As escolas não têm o direito de se omitir e fingir que pedofilia e abuso sexual não existem
iG: O que os pais podem fazer para ajudar seus filhos a sair de uma situação de abuso?
Odívia Barros:
 Os pais devem dar credibilidade para a criança. No livro, a mãe da personagem diz que ela não fez nada de errado. Quem fez errado foi o “tio”. Isto mostra o acolhimento que as mães devem dar para suas filhas. A relação de abuso sexual infantil é sempre uma relação de poder. É um adulto “esperto”, mais experiente, contra alguém mais fraco. Eles se valem desta relação de poder para manipular. É importante os pais darem credibilidade para as crianças, acreditarem no que elas falam e darem esse acolhimento a elas se algo ocorrer.

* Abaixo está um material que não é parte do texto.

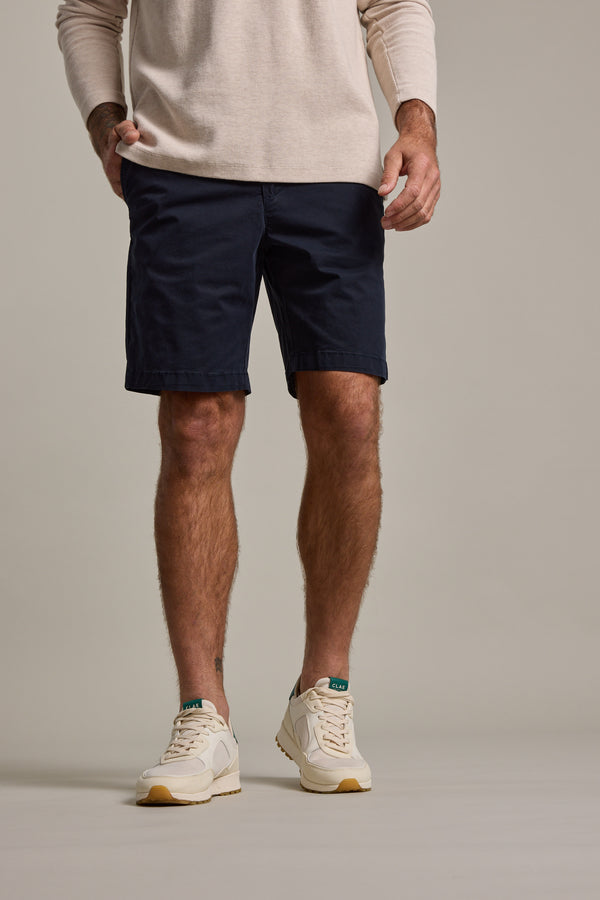 A man, shown from shoulders down against a plain background, wears a beige long-sleeve shirt and Barkers Kingly Chino Short in navy blue, paired with white sneakers featuring green accents.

iG: Como vem sendo a recepção do livro nas escolas?
Odívia Barros:
 Os educadores avaliaram o livro e indicaram para uso do primeiro ao quinto ano das escolas de rede pública. Mas é muito difícil colocar nas escolas. Uma das escolas visitadas por mim disse que não falaria do assunto “de jeito nenhum”. Disseram que só tratavam dessa temática a partir dos 13 anos de idade. Mas, aos 13 anos de idade, o abuso infantil já passou. Aqui no Brasil as escolas não tratam disso, nenhuma escola coloca essa temática na sua grande. No final, a escola faz o que a sociedade faz. Os pais fingem que não existe. E as crianças, que são as vítimas, ficam sem saber de nada. Os abusadores levam a melhor. 

iG: Qual a importância de tratar este assunto nas escolas?
Odívia Barros: 
Estudiosos sugerem a escola como o lugar ideal para se tratar sobre isso. Se a maioria dos casos ocorre dentro da família, e na família não se fala sobre isso, a criança precisa contar para alguém de fora. Em 52% dos casos, atualmente, as crianças procuram o professor. Afinal, o professor é alguém de fora do círculo familiar em quem elas confiam. O professor, pelo convívio e pela experiência, tem mais noção do que falar para a criança de uma determinada série. Eu acredito que as escolas não têm o direito de se omitir e fingir que pedofilia e abuso sexual não existem. 

iG: O que você acha que pode acontecer se a mentalidade com relação ao silêncio sobre o abuso sexual não mudar? 
Odívia Barros: 
Freud teve que desistir de estudar o abuso infantil, pois a sociedade vienense não suportava o que ele estudava. 110 anos depois, a gente ainda não tem coragem de levantar este assunto. Deixamos nossas crianças à mercê dos abusadores só porque nós, adultos, não suportamos falar sobre isso. Enquanto o pensamento for assim, de manter o silêncio, muitas crianças continuarão a ser abusadas. Não contarão para ninguém e se tornarão reféns dos abusadores. A cada 8 minutos, uma criança é abusada no Brasil. Isso precisa mudar.